**Records for this exercise**
◇ ◇ ◇

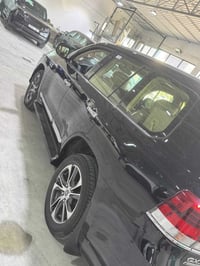 لاندگروز شركات فول مواصفات  موديل 2020 السياره ماشيه 94 الف  بيها جامل...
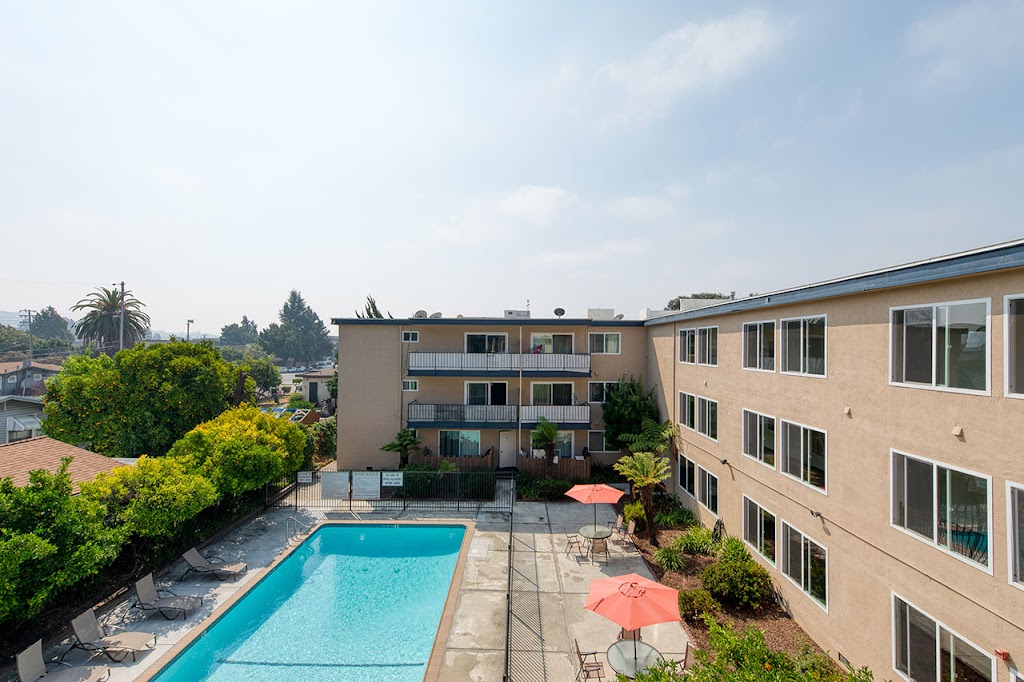 Fenix 424 Apartments by Trion Living | 424 Callan Ave Ste 104, San Leandro, CA 94577 | Phone: (510) 880-3377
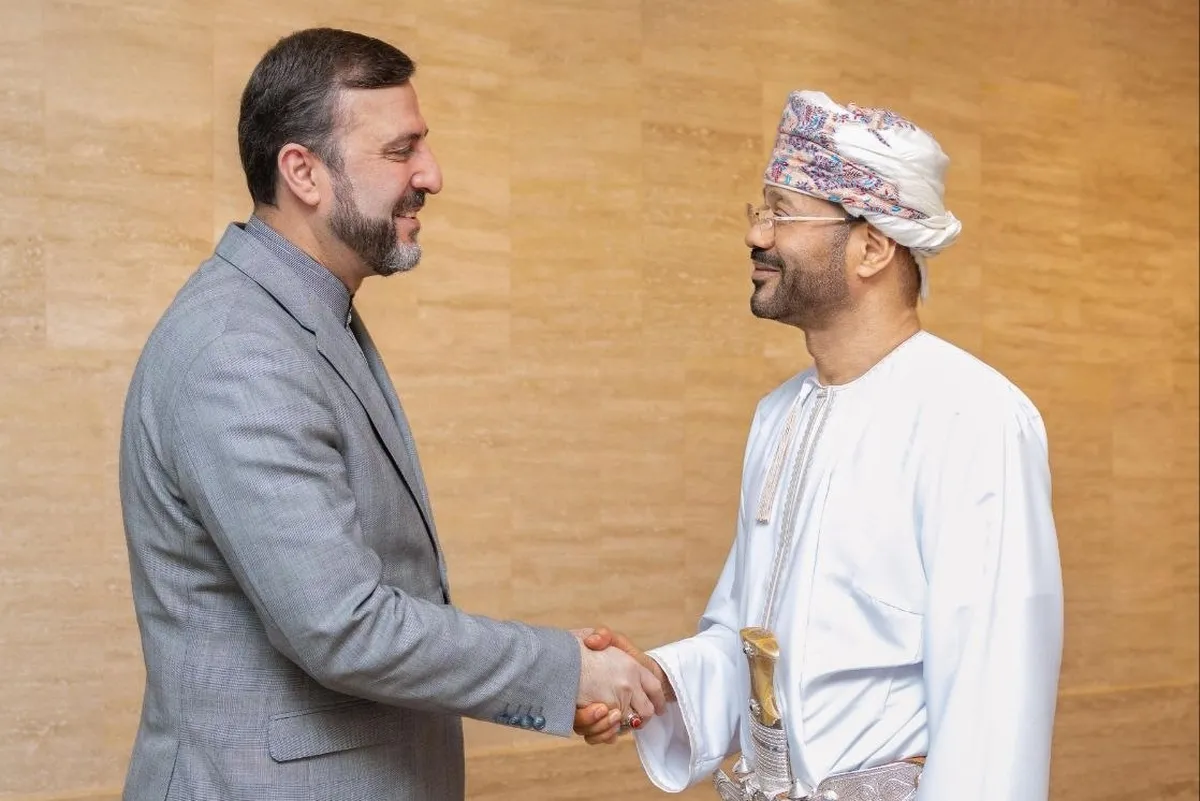 غریب آبادی با وزیر امور خارجه عمان در مسقط دیدار کرد (۳ خرداد ۱۴۰۵)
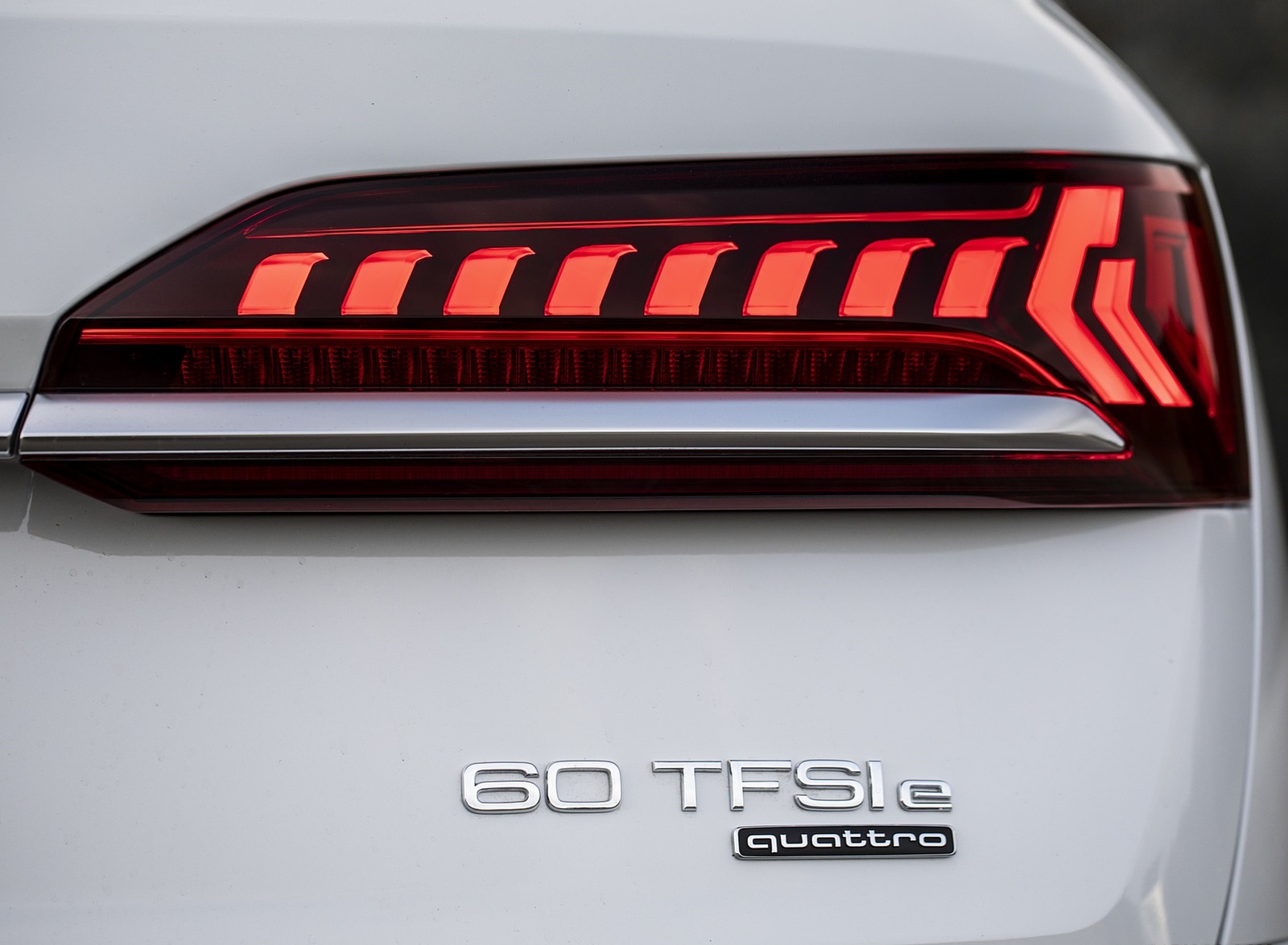 2020 Audi Q7 TFSI e quattro Plug-In Hybrid (Color: Glacier White) Tail Light Wallpapers #25 of 46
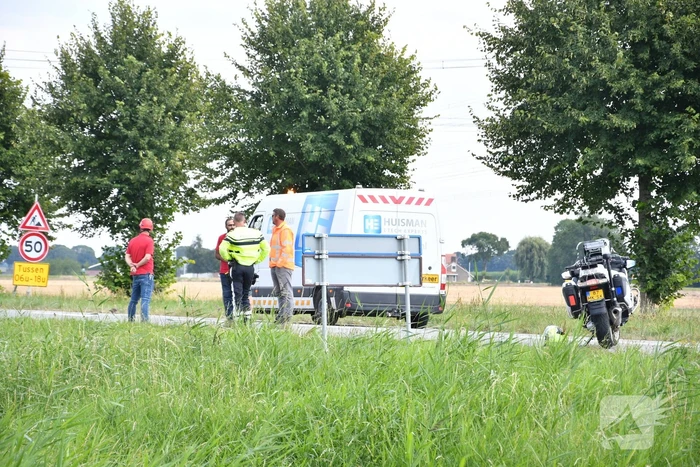 Politie houdt mensen tegen vanwege gevaar stroomkabels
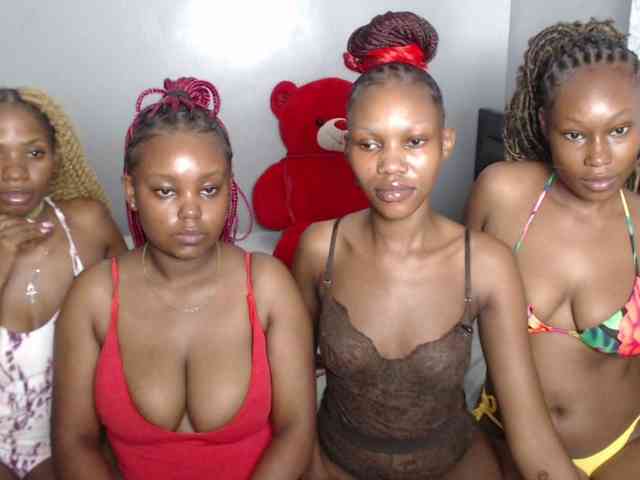 Modèle: VelvetCuties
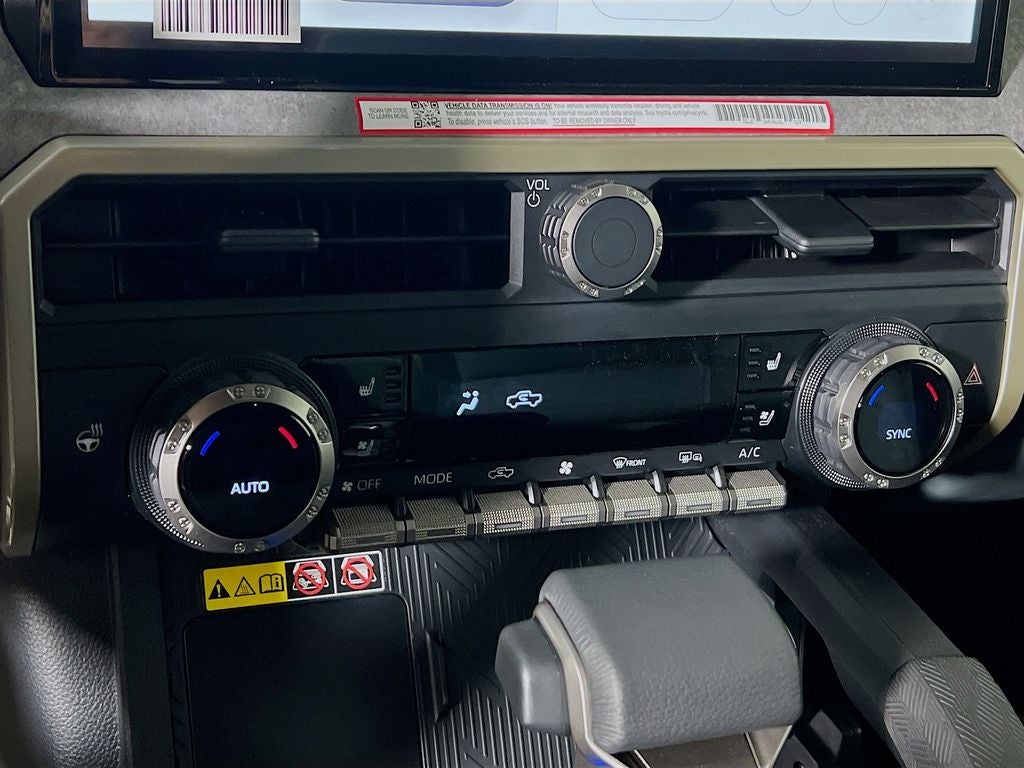 2026 Toyota Tacoma i-FORCE MAX Trailhunter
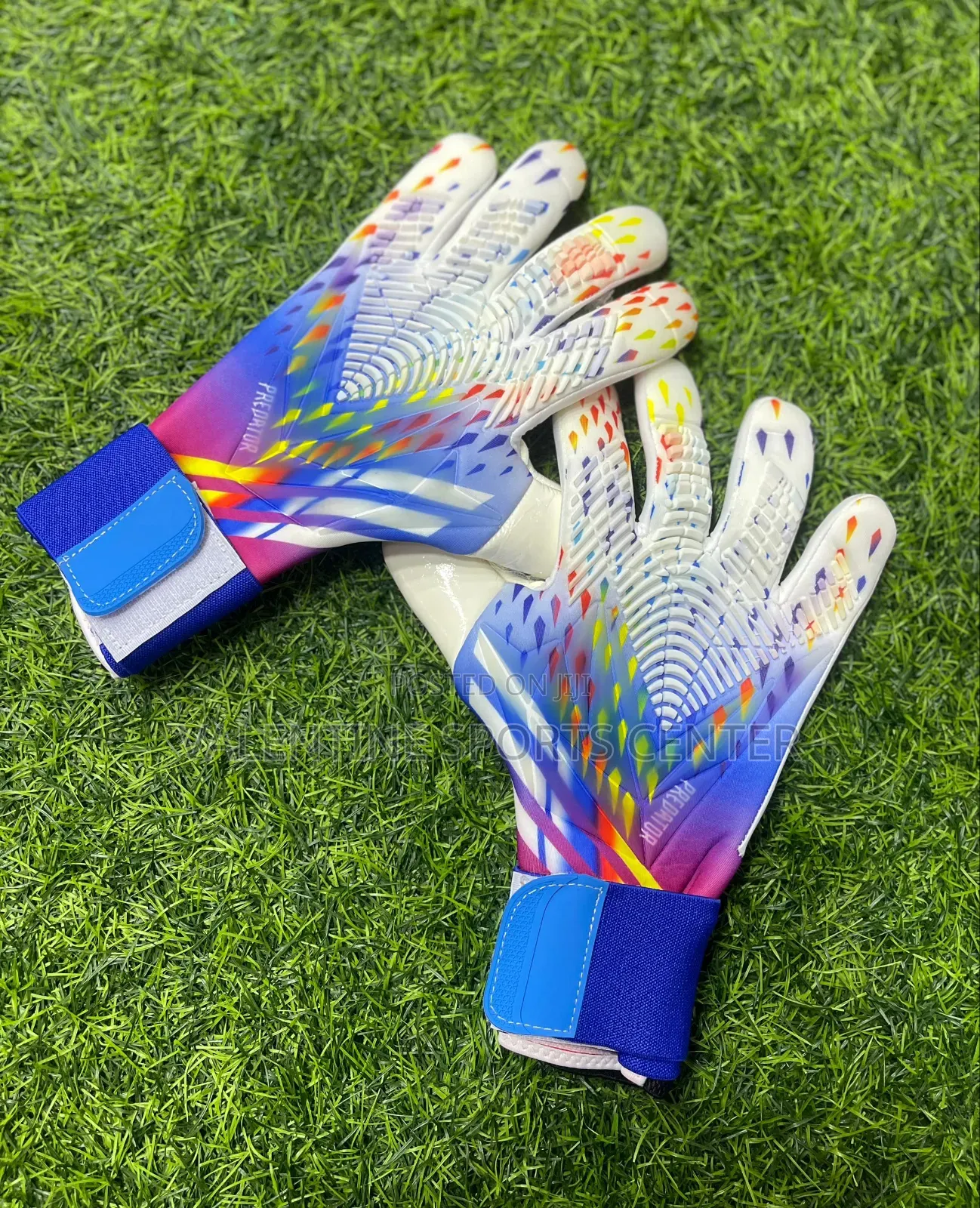 White Gloves Predator Original Material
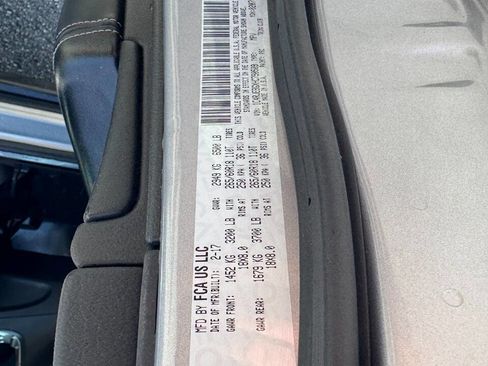 Used 2017 Jeep Grand Cherokee Limited image 50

◇ ◇ ◇

**Exercise details**
Return each entry exactly as it stands above, apart from any images.

**Answer for this exercise**
 لاندگروز شركات فول مواصفات  موديل 2020 السياره ماشيه 94 الف  بيها جامل...
 Fenix 424 Apartments by Trion Living | 424 Callan Ave Ste 104, San Leandro, CA 94577 | Phone: (510) 880-3377
 غریب آبادی با وزیر امور خارجه عمان در مسقط دیدار کرد (۳ خرداد ۱۴۰۵)
 2020 Audi Q7 TFSI e quattro Plug-In Hybrid (Color: Glacier White) Tail Light Wallpapers #25 of 46
 Politie houdt mensen tegen vanwege gevaar stroomkabels
 Modèle: VelvetCuties
 2026 Toyota Tacoma i-FORCE MAX Trailhunter
 White Gloves Predator Original Material
 Used 2017 Jeep Grand Cherokee Limited image 50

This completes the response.